Start of Block

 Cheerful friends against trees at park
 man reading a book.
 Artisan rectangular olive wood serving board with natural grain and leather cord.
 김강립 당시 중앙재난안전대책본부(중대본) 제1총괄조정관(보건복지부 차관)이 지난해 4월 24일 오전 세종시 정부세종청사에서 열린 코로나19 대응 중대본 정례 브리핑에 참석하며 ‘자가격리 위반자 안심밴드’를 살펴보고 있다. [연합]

End of Block
Start of Block

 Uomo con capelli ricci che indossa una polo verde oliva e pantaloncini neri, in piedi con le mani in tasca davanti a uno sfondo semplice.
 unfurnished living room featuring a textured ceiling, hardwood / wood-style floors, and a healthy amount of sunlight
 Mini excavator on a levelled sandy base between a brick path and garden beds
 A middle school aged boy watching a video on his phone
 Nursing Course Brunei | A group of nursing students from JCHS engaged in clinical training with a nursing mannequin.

End of Block

§ WORK REQUIRED: Every line in the data that includes the word "with" should be counted, and only the resulting number given.

§ ANSWER: 2